> _EXERCISE REQUIREMENTS_
Your answer must be the full listing below, repeated exactly, with no pictures in it.
===== DATA FOR ANALYSIS
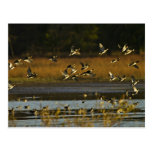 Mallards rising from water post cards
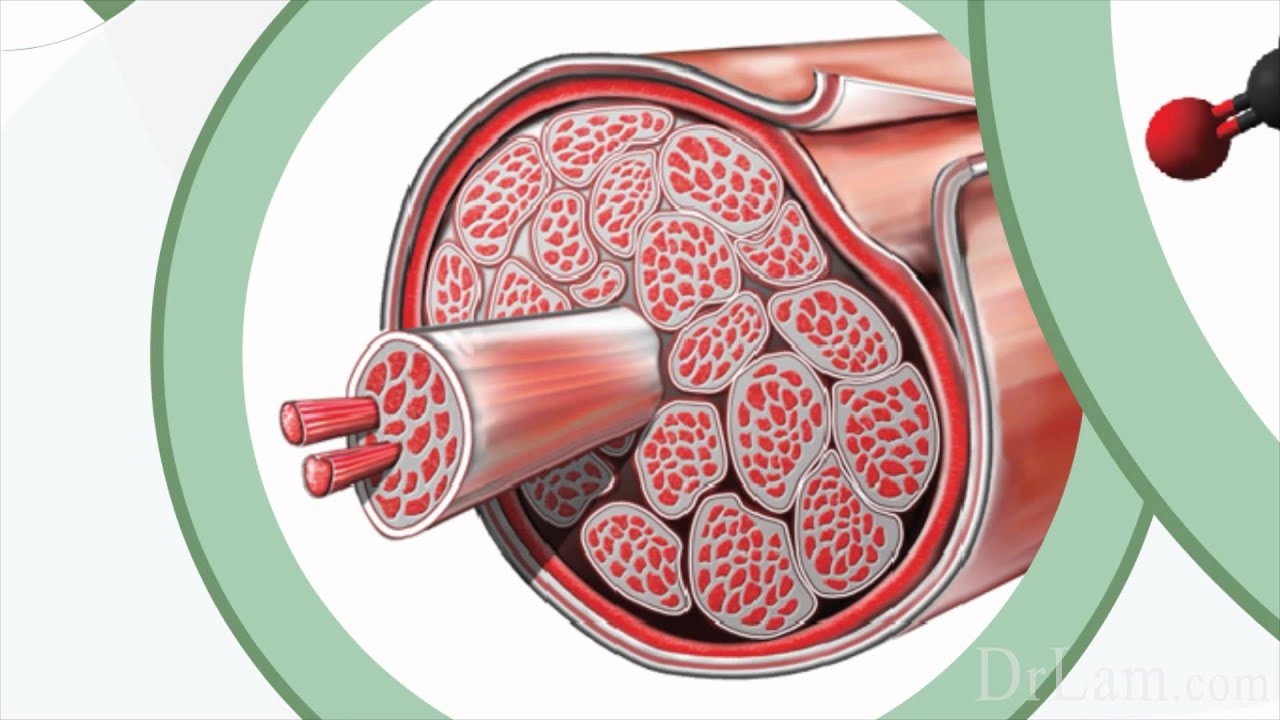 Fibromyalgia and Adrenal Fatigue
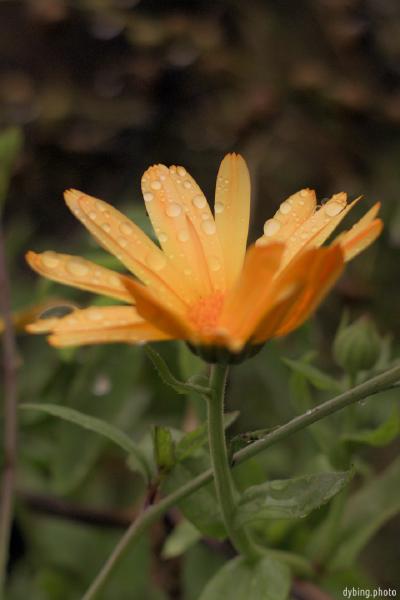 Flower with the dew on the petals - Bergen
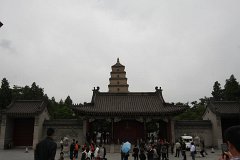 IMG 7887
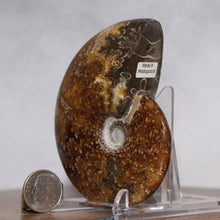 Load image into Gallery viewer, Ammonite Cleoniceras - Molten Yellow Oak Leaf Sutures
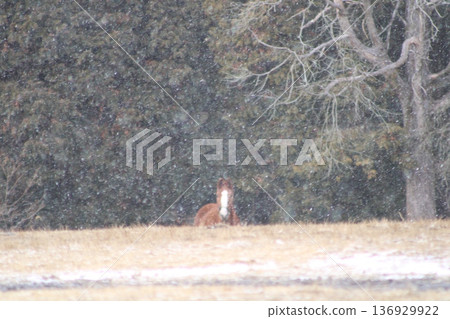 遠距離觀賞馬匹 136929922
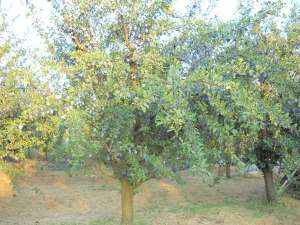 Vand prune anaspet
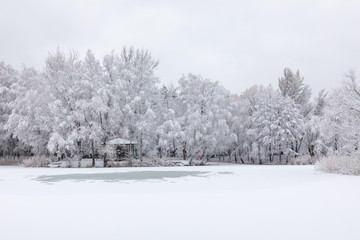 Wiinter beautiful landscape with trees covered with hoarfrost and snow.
==========
> _EXERCISE RESPONSE_
 Mallards rising from water post cards
 Fibromyalgia and Adrenal Fatigue
 Flower with the dew on the petals - Bergen
 IMG 7887
 Load image into Gallery viewer, Ammonite Cleoniceras - Molten Yellow Oak Leaf Sutures
 遠距離觀賞馬匹 136929922
 Vand prune anaspet
 Wiinter beautiful landscape with trees covered with hoarfrost and snow.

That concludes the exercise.